## [Given data]

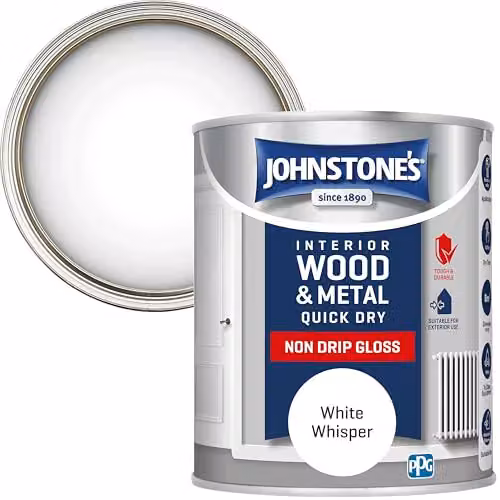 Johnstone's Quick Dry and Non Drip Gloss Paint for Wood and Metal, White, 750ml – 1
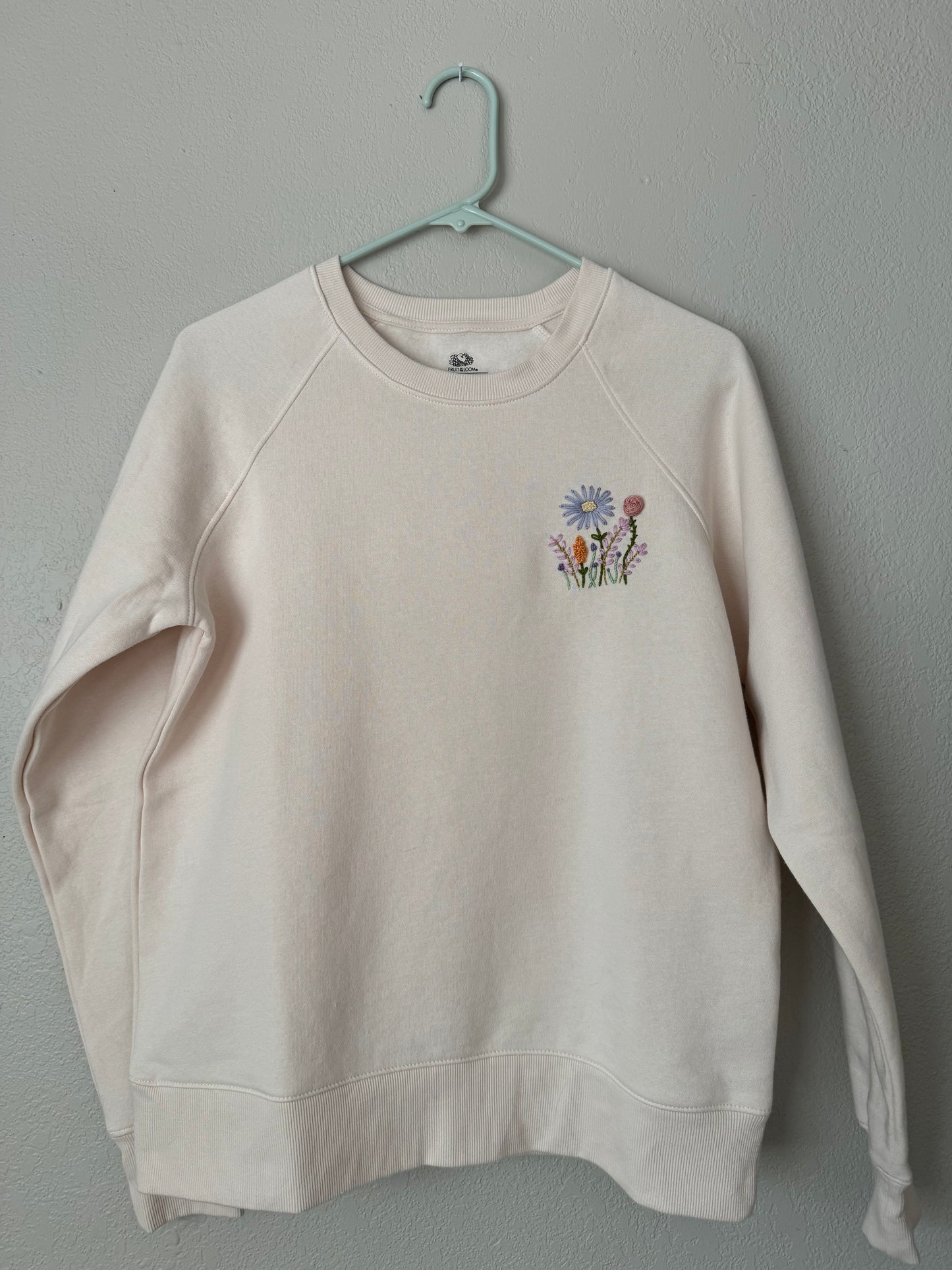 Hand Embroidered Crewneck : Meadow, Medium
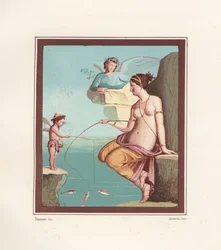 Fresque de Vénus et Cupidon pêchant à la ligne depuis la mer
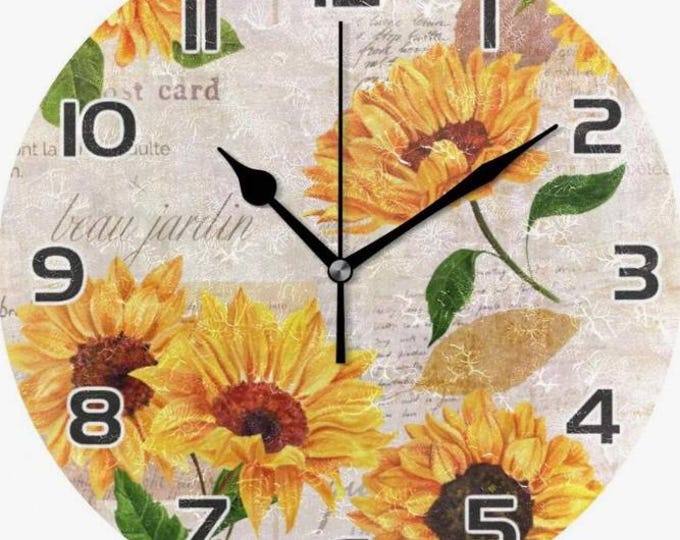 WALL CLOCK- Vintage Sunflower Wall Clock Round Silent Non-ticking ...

## [What the task asks]
Leaving the pictures out, transcribe word for word the lines from the one with "Hand Embroidered Crewneck : Meadow, Medium" to the end of the material above, inclusive, and nothing else.

## [Your solution]
 Hand Embroidered Crewneck : Meadow, Medium
 Fresque de Vénus et Cupidon pêchant à la ligne depuis la mer
 WALL CLOCK- Vintage Sunflower Wall Clock Round Silent Non-ticking ...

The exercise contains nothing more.